- _What this task involves_
Would you print only the lines running from the one with "Victoire | Cardigan" to the final line of the data below, word for word and without pictures?

*** Input data

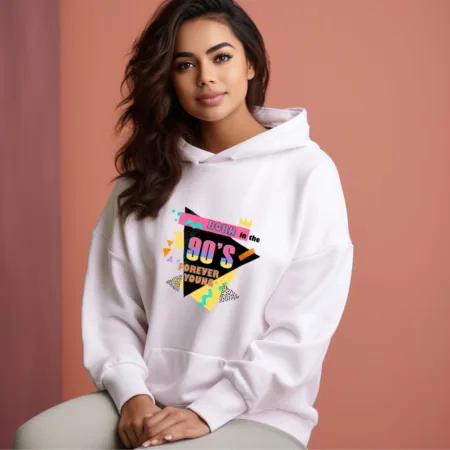 Women's Born in the 90'S Forever Young Graphics Printed Hoodies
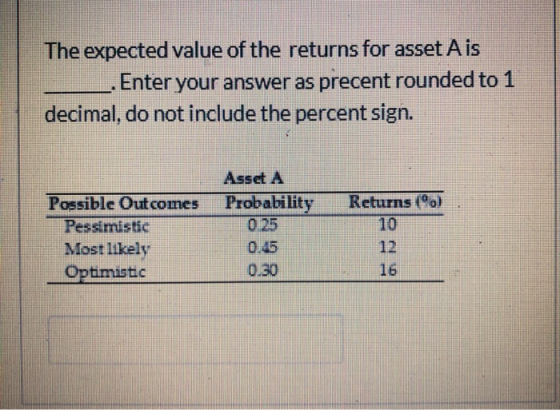 The expected value of the returns for asset A is Enter your answer as precent rounded to 1 decimal, do not include the percen
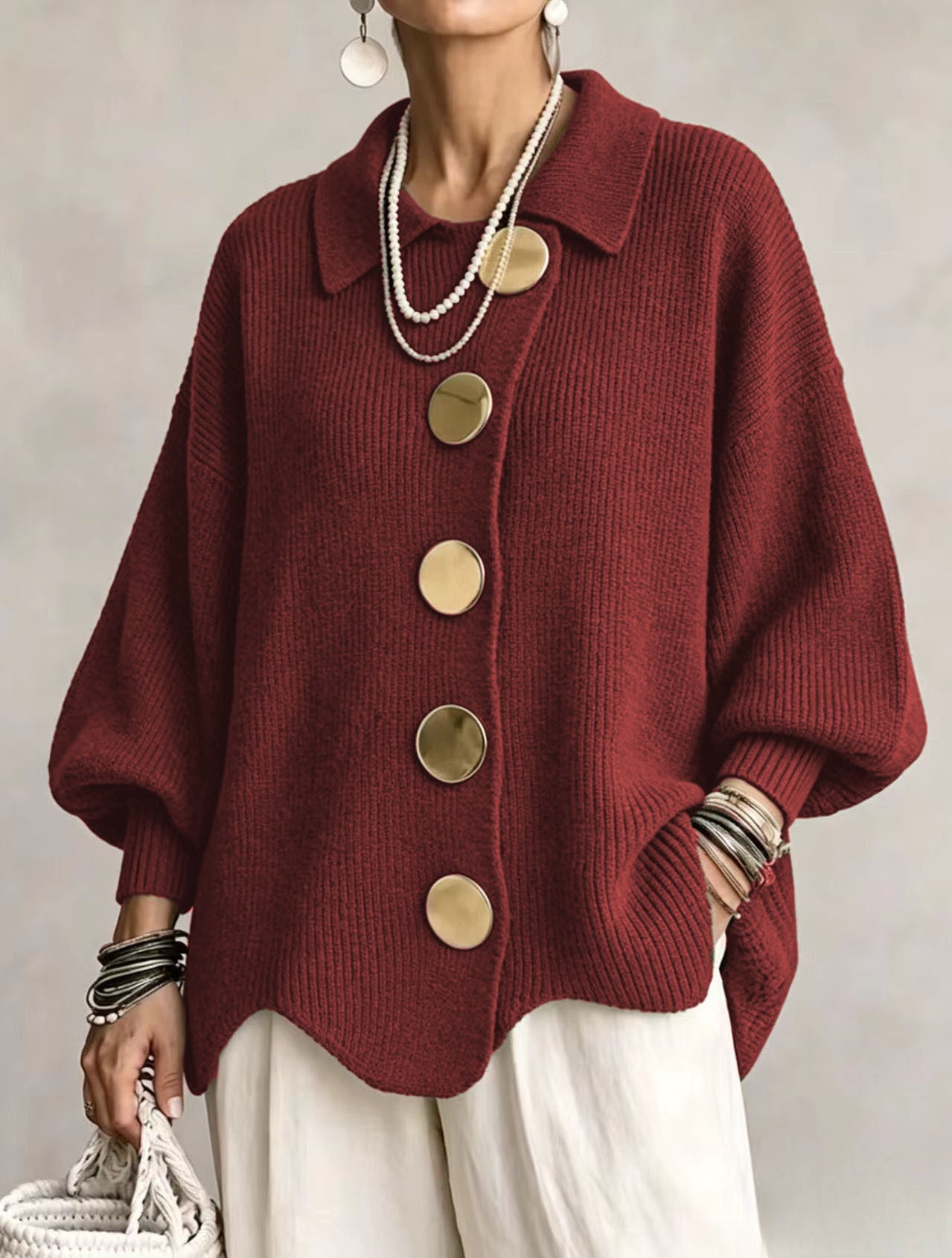Victoire | Cardigan oversize à gros boutons dorés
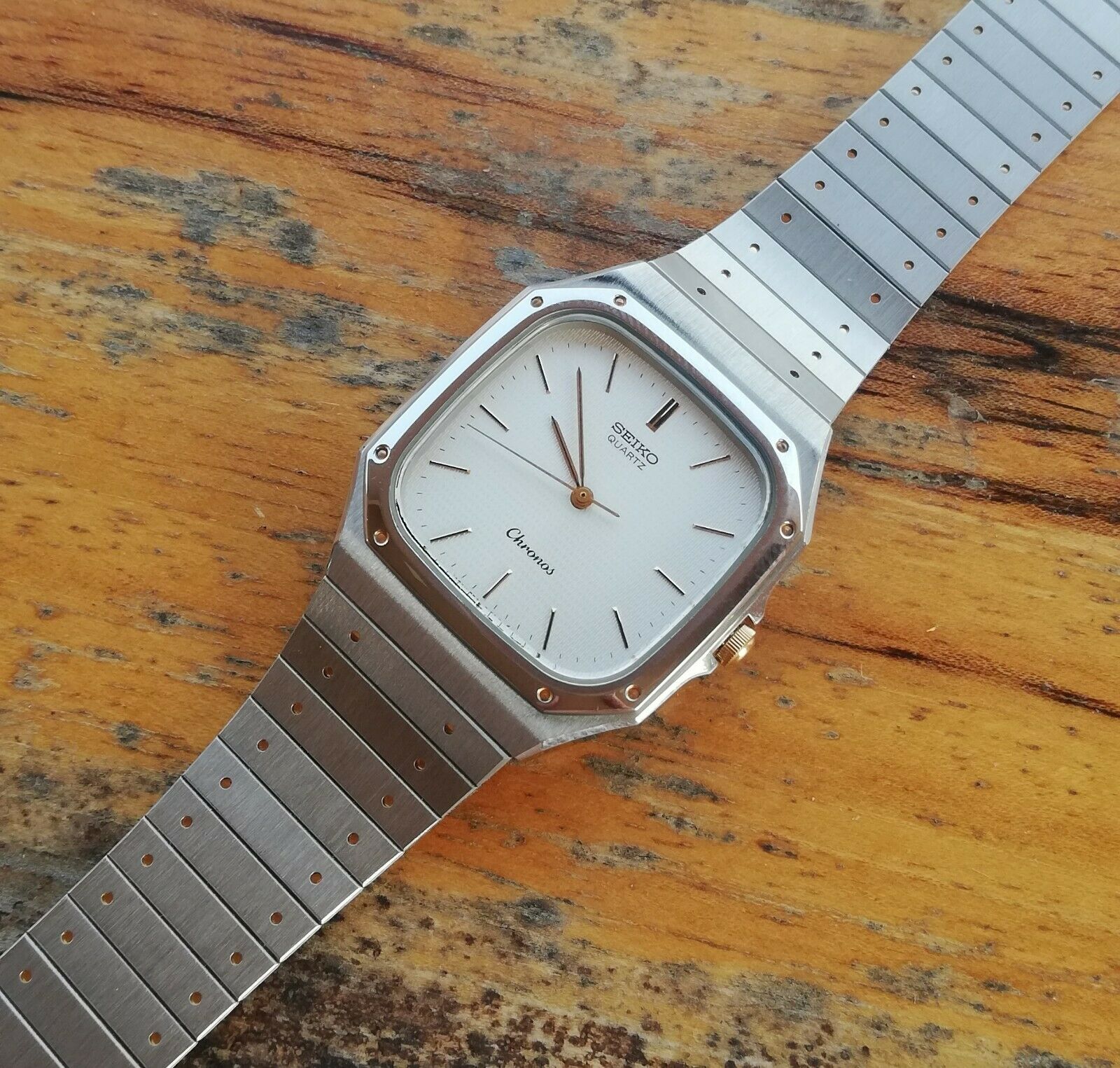 Seiko Chronos Quartz JDM 7731 5130 Kanji JDM March 1989 Textured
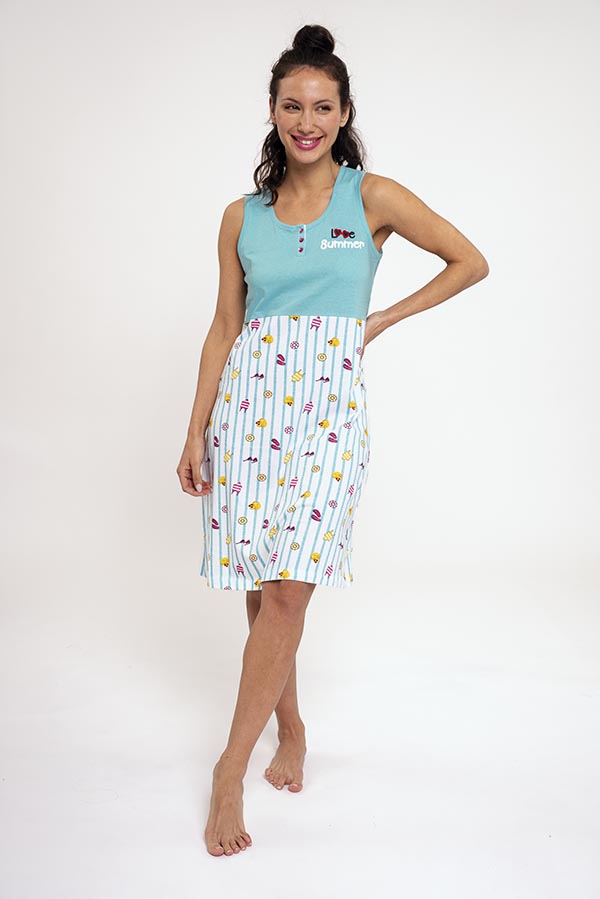 Chemise de nuit femme en coton imprimé été | MUYDEMI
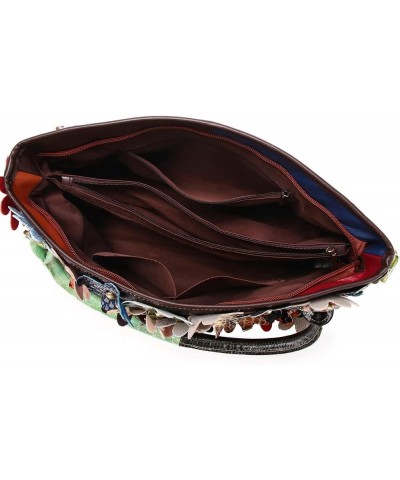 Women's Multicolor Flower Handbag Leather Random Splicing Shoulder Purse Satchel Multicoloured $34.30 Satchels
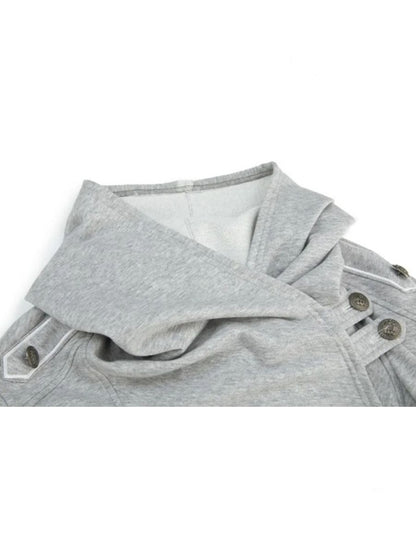 Hooded Asymmetrical Wandering Short Cape Sweatshirt Jacket【s0000018387】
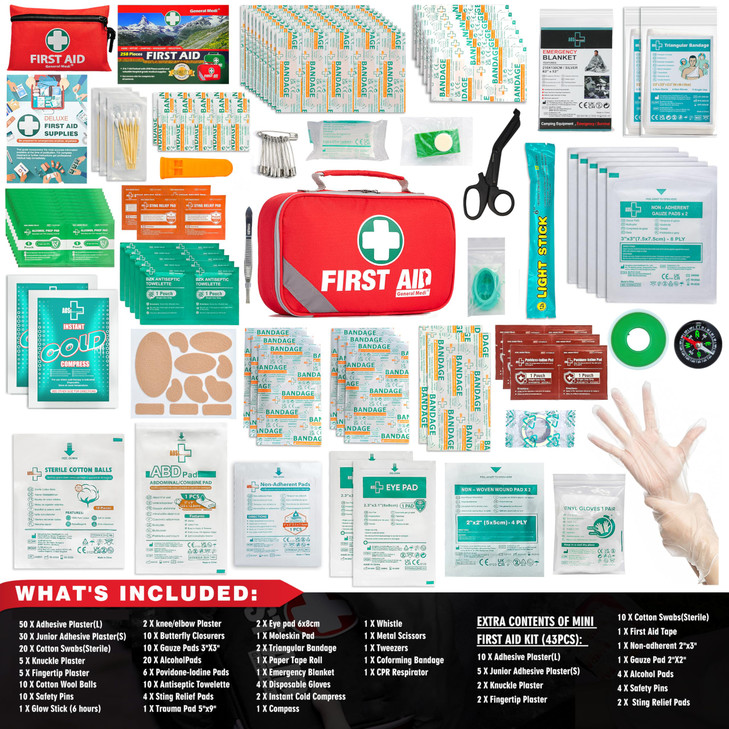 General Medi 2-in-1 First Aid Kit (215 Piece Set) + 43 Piece Mini First Aid Kit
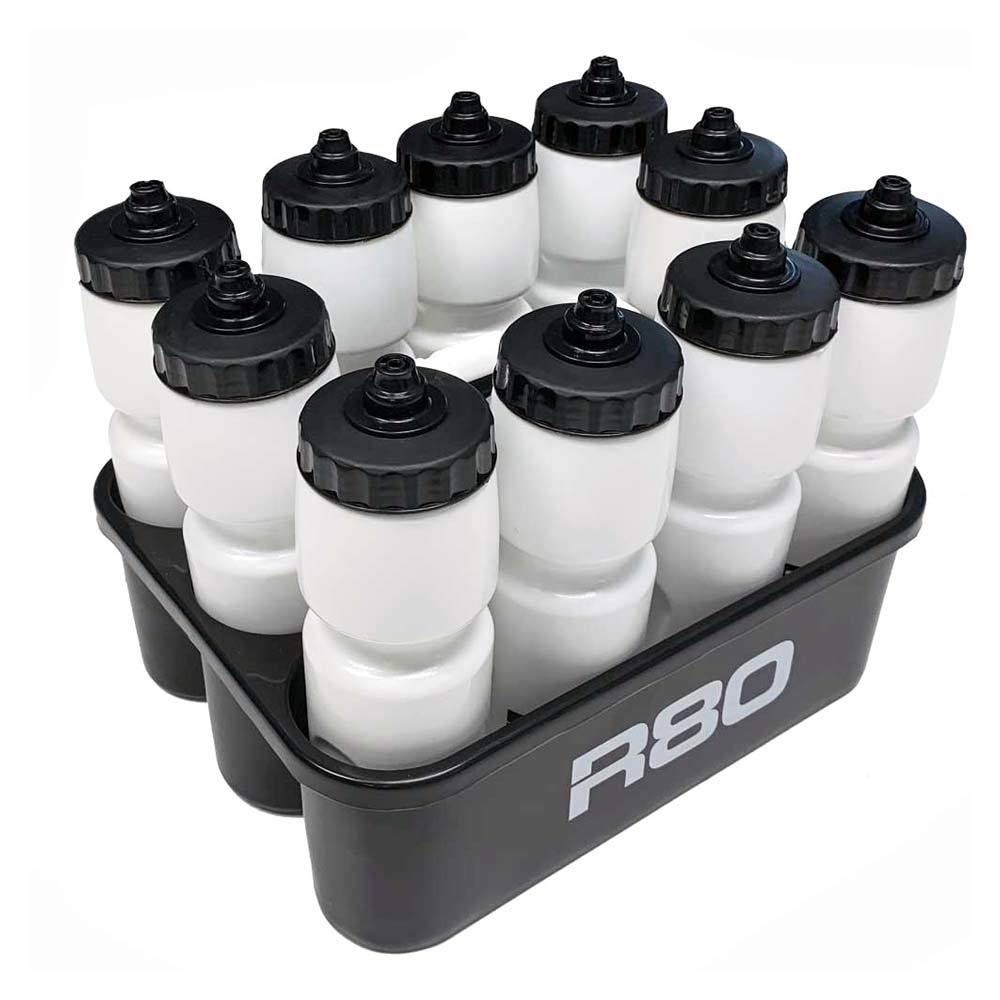 R80 Heavy Duty Bottle Carrier with 10 Bottles_White/Black_XLR8 Fitness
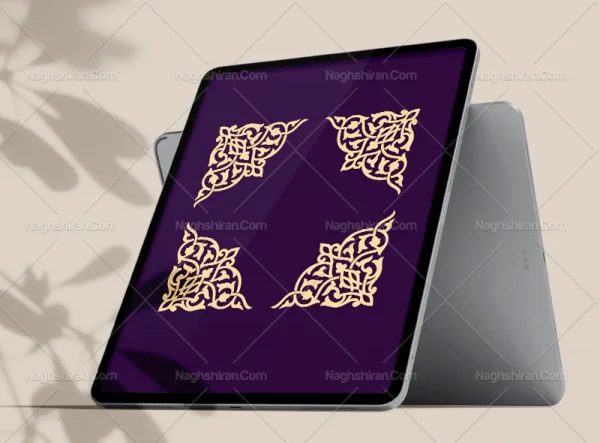 وکتور طرح نقوش سنتی لچک حاشیه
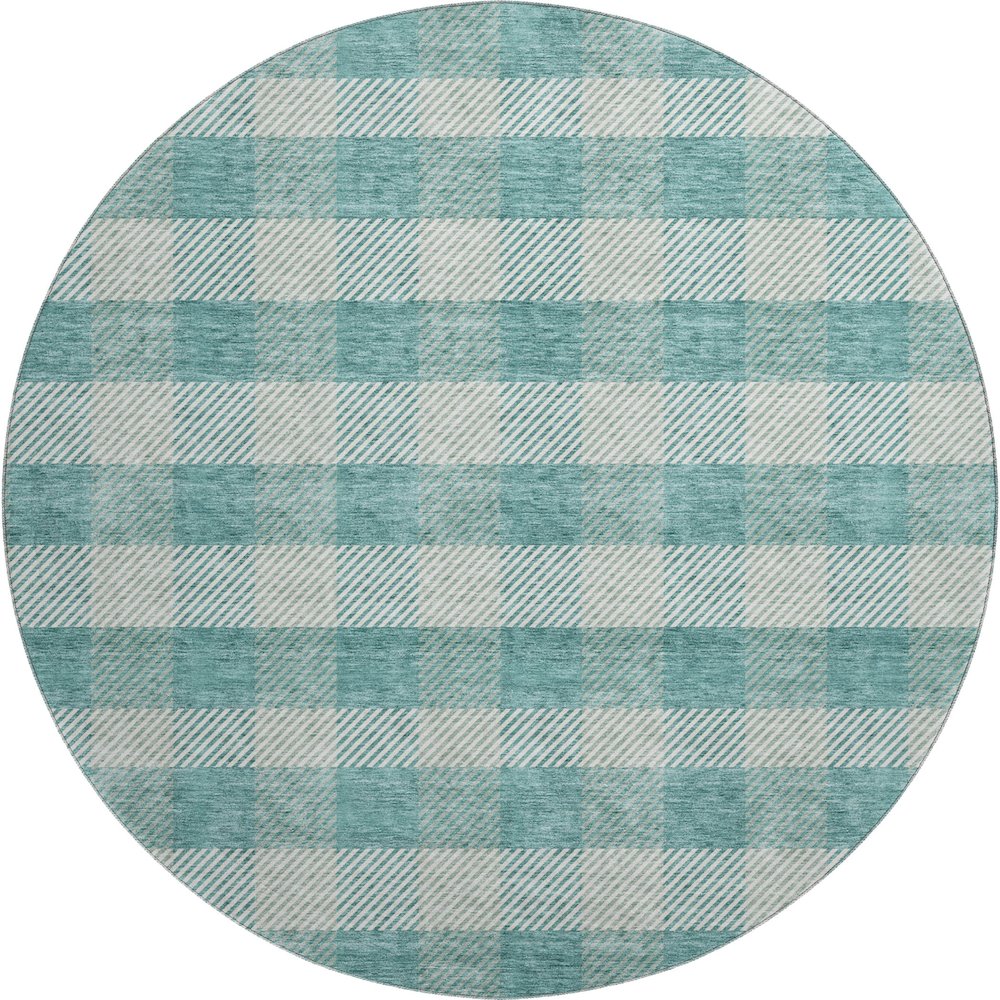 Premium Machine Washable Mayfield AMF924 Teal 8' x 8' Round Rug. Picture 1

******

- _Answer box_
Victoire | Cardigan oversize à gros boutons dorés
 Seiko Chronos Quartz JDM 7731 5130 Kanji JDM March 1989 Textured
 Chemise de nuit femme en coton imprimé été | MUYDEMI
 Women's Multicolor Flower Handbag Leather Random Splicing Shoulder Purse Satchel Multicoloured $34.30 Satchels
 Hooded Asymmetrical Wandering Short Cape Sweatshirt Jacket【s0000018387】
 General Medi 2-in-1 First Aid Kit (215 Piece Set) + 43 Piece Mini First Aid Kit
 R80 Heavy Duty Bottle Carrier with 10 Bottles_White/Black_XLR8 Fitness
 وکتور طرح نقوش سنتی لچک حاشیه
 Premium Machine Washable Mayfield AMF924 Teal 8' x 8' Round Rug. Picture 1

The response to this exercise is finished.